The material so packaged with James Swain's Sucker Bet (Ballantine) has all of that -- and a few well-out-of-the-ordinary extras.

Sucker Bet (the third entry in Florida author Swain's attention-gathering series involving hero Tony Valentine, an investigator who specializes in thwarting casino cheats) also comes with a sheet listing 10 Things Never to Do in a Casino: "1. Never wear red articles of clothing. (Surveillance cameras can see right through them!) … 3. Never touch your bet after the game has started. (The casino will think you're past-posting, and usually pull you into a back room.)"

Swain, born in 1956 on Long Island, New York, comes by such information honestly. He's researched casino cheating and gamblers' scams intensively since 1987, after witnessing a successful blackjack hustle in Las Vegas.

Before that, Swain, an occasional (non-cheating) gambler, worked as a professional magician, specializing in card-handling. "Not to brag," said Swain, interviewed during his current book tour, "but in the world of magic, I'm pretty well-known for my sleight-of-hand."

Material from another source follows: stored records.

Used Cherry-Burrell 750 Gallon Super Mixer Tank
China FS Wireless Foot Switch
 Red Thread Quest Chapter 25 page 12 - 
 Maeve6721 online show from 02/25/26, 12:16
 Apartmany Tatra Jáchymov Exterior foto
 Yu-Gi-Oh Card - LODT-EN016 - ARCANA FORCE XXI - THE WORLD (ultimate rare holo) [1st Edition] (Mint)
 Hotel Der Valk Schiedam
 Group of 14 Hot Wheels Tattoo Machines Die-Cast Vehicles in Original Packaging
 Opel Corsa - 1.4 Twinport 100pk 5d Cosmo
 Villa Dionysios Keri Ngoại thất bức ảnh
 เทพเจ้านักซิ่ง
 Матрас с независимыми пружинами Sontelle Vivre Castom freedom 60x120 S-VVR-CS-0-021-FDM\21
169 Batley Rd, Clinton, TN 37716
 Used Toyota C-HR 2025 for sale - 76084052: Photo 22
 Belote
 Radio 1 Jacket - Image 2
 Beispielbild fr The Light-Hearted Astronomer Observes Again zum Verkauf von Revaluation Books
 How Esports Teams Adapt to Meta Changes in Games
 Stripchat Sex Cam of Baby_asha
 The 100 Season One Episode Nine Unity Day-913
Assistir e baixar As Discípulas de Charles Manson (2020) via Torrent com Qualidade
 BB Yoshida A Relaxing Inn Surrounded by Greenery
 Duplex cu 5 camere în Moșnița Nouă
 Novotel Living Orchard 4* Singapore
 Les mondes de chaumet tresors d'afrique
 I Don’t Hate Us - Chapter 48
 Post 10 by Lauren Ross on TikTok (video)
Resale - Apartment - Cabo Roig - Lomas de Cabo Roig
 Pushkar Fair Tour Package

Now Swain is becoming increasingly well-known in crime-fiction circles. But it took him awhile to see the potential in his casino-scam research.

Swain's road to his current position as an up-and-coming genre prospect has been filled with detours as interesting as his press kit.

He began writing short stories in high school, he said, encouraged by a "terrific" teacher named Kitty Lindsey, who, with her husband, had written many teleplays for such early TV shows as Playhouse 90. Swain recalled, "She gave us probably the best advice that you could give a beginning writer. She would say (of our stories' characters), 'Who are these people? And why should we care about them?'"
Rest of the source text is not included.